Of course, the defendant was not masked. The lower court should have considered whether the defendant could, in those circumstances,
have gone unmasked. The Privy Council in Beckford and Others v R ( ) 97 Cr. App. R 409, a case the Supreme Court of Appeal
cited in Sanudi v Republic, suggests that the credibility question is just as important:
“The first question for the jury is whether the witness is honest. If the answer to that question is yes, the next question
is the same as that which must be asked concerning every honest witness who purports to make identification, namely, is he right
or could he be mistaken?
Of course no rule is absolutely universal. If, for example, the witness’s identification evidence is that the accused
was his workmate whom he has known for 20 years and that he was conversing with him for half an hour face to face in the same room
and the witness is sane and sober, then, if credibility is the issue, it will be the only issue. But cases like that will constitute
a very rare exception to a strong general rule.” (R v Turnbull)
The lower court relied heavily on the complainant’s evidence of recognition.
Even there, there is need for a warning:
“Recognition may be more reliable than identification of a stranger; but even when the witness is purporting to recognize someone
whom he knows, the jury should be reminded that mistakes in recognition of close relatives and friends are sometimes made.”
(R v Turnbull )
This was a case where the defendant’s defense is that he was not at the scene of
the crime. Where the defendant admits being at the scene of the crime and only questions association with a crime must be distinguished
from situations where the defendant questions the identification because he was not at the scene of the crime. The court must be
careful not to think that by rejecting the alibi defense the defendant must be the one identified by the prosecution witness. Yet
the lower court seems to have thought so, at least from what was said when dismissing the defendant’s alibi:
“In the accused’s defense it appears he would like this court to believe that because he spent much of his night at the
tavern and thereafter went to the house of Elube near Mwanga Mosque to finish the remaining four night hours, therefore, he could
not have time to go to Eliya village to commit the offence.”
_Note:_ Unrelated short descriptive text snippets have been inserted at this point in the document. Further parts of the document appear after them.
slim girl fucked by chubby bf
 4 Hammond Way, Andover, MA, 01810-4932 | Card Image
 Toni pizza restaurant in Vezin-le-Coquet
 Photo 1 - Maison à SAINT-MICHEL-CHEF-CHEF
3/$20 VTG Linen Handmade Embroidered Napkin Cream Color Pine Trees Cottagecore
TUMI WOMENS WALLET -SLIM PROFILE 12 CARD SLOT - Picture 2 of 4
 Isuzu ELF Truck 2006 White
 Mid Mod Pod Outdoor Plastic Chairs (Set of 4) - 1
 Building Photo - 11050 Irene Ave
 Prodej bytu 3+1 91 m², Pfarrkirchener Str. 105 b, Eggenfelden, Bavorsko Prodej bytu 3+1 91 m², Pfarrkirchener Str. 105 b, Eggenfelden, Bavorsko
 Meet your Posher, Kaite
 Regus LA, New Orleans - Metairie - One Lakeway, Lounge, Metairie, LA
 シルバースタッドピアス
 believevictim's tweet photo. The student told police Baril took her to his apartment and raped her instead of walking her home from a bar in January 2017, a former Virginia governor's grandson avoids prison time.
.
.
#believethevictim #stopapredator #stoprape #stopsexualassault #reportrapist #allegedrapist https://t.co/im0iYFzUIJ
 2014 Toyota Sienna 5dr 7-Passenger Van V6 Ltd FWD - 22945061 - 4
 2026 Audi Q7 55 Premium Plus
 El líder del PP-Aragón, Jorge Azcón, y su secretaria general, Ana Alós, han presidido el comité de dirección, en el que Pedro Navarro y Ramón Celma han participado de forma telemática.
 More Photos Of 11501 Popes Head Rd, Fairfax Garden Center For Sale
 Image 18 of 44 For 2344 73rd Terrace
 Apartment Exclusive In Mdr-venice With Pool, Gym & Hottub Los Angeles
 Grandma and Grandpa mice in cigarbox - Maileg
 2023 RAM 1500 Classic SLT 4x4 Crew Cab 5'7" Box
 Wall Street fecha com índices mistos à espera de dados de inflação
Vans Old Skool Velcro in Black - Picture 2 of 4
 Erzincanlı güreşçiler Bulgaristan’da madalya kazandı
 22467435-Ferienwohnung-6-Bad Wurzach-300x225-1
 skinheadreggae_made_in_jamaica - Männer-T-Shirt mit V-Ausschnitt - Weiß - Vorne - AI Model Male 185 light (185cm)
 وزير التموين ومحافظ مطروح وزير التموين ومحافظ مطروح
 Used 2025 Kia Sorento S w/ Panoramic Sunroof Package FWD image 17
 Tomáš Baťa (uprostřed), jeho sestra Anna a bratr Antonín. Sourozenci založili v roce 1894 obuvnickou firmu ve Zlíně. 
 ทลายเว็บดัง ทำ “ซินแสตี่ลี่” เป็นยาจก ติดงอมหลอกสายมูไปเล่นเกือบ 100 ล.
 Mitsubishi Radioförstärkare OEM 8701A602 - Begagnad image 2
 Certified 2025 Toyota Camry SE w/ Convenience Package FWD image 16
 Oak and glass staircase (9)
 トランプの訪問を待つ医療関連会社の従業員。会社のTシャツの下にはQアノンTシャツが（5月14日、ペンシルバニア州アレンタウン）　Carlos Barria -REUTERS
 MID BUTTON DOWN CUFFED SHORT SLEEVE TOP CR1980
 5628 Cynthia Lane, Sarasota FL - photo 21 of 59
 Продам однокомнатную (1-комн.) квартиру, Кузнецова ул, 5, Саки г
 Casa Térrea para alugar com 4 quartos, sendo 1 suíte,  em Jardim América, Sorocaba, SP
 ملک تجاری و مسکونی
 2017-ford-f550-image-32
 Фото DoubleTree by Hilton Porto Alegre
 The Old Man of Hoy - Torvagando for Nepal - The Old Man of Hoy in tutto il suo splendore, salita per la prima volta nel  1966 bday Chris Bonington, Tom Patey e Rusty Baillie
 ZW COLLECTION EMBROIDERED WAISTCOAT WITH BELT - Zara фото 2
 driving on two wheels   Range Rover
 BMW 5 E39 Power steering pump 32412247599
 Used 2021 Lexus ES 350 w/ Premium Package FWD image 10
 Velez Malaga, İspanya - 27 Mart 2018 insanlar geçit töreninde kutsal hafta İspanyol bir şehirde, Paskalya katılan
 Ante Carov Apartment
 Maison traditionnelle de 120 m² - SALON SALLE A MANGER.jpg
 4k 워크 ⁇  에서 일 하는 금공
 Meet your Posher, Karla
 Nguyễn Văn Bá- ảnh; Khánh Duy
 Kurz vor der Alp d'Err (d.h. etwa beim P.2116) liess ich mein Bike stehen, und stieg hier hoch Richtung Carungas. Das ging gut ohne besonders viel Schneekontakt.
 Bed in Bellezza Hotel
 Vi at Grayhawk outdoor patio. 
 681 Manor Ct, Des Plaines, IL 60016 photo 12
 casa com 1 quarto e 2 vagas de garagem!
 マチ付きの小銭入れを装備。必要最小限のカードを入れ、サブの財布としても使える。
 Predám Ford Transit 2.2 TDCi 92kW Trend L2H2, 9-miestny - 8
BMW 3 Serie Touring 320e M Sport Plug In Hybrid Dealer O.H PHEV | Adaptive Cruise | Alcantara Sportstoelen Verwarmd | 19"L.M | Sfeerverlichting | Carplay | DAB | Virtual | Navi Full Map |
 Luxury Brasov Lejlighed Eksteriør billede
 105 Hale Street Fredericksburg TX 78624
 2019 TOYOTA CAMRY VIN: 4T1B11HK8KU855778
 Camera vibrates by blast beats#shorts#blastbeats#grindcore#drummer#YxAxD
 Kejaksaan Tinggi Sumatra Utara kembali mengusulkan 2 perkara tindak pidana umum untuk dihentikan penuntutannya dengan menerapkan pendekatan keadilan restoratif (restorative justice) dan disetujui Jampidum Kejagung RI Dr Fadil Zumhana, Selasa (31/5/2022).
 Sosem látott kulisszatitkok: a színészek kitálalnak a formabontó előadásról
A trial court must not think that rejection of a defendant’s alibi establishes the defendant’s guilt. There are many
reasons why a defendant may want to raise an alibi:
“Care should be taken by the judge when directing the jury about the support for an identification which might be derived from
the fact they have rejected an alibi. False alibis might be put forward for many reasons; an accused, for example, who has
only his own truthful evidence to rely on may stupidly fabricate an alibi and get lying witnesses to support it out of fear that
his own evidence will not be enough. Further, alibi witnesses can make genuine mistakes about dates and occasions like any
other witness can. It is only when the jury is satisfied that the sole reason for the fabrication was to deceive them and there
is no other explanation for its being put forward can fabrication provide any support for identification evidence. The jury
should be reminded that proving the accused has told lies about where he was at the material time does not by itself prove that he
was where the identifying witnesses says he was.” (R v Turnbull )
The lower court rejected the alibi because the defendant did not call a certain witness. The record however shows that the defendant
wanted to call the particular witness. It is only that the defendant failed to trace the witness. The witness the defendant found
testified in the lower court. The particular witness was vital to the defense. Of course, the defendant’s failure to call such
a witness would have undermined the alibi defense. Failure to call a material and available witness is fatal to a party’s case.
Here the defendant wanted to call the witness only that she was not available. This could not be a basis for deciding against him.
The conviction is unsafe. I set it aside. I also set aside the sentence the lower court passed against the defendant.